▶ DATA IN THIS EXERCISE:
--------
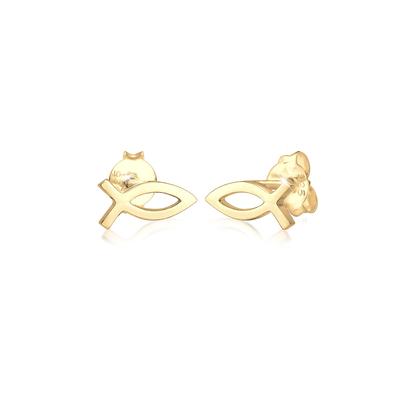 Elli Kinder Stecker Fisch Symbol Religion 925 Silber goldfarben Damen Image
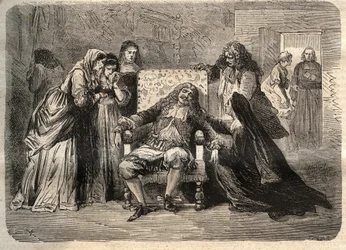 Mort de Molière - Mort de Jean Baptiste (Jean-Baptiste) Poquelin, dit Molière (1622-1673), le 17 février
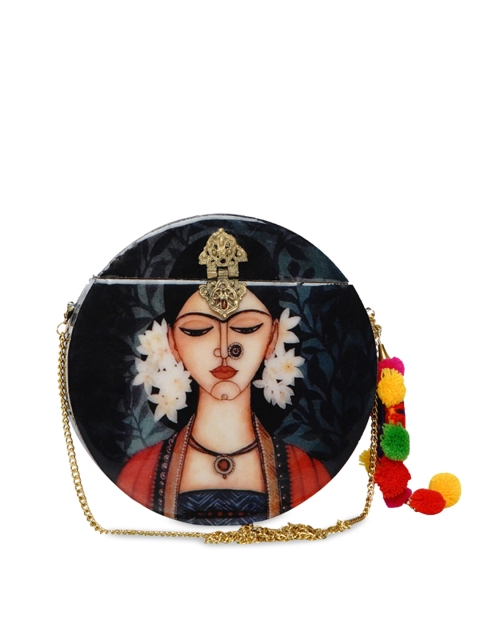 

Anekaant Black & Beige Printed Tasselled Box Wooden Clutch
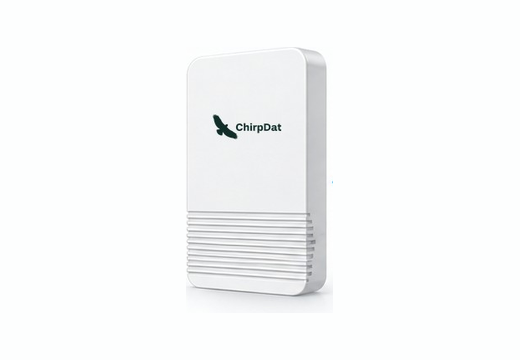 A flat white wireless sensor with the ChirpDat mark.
--------
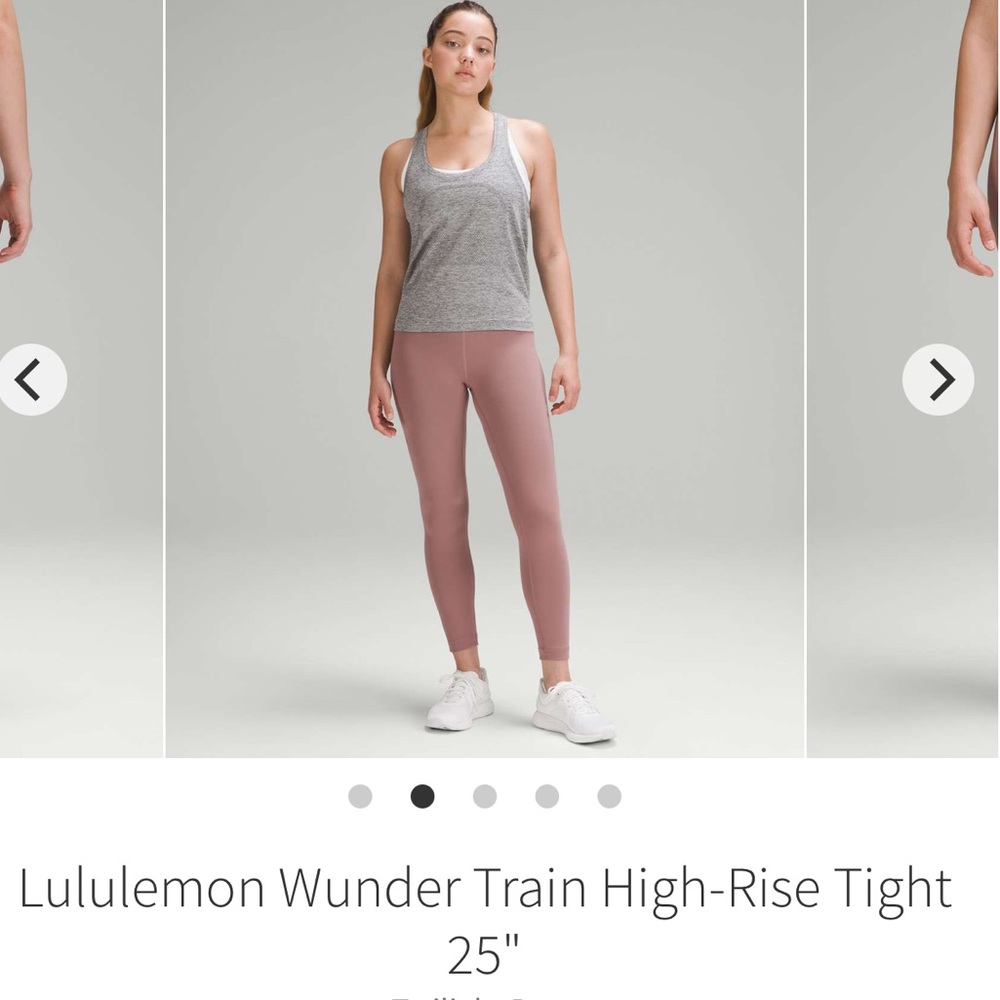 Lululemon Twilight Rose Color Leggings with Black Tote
--------
▶ WORK INSTRUCTION: In the material above, the stretch from the line with "Anekaant Black &" through the line with "A flat white" is to be given again exactly, minus the pictures.

▶ TASK RESULT:
Anekaant Black & Beige Printed Tasselled Box Wooden Clutch
 A flat white wireless sensor with the ChirpDat mark.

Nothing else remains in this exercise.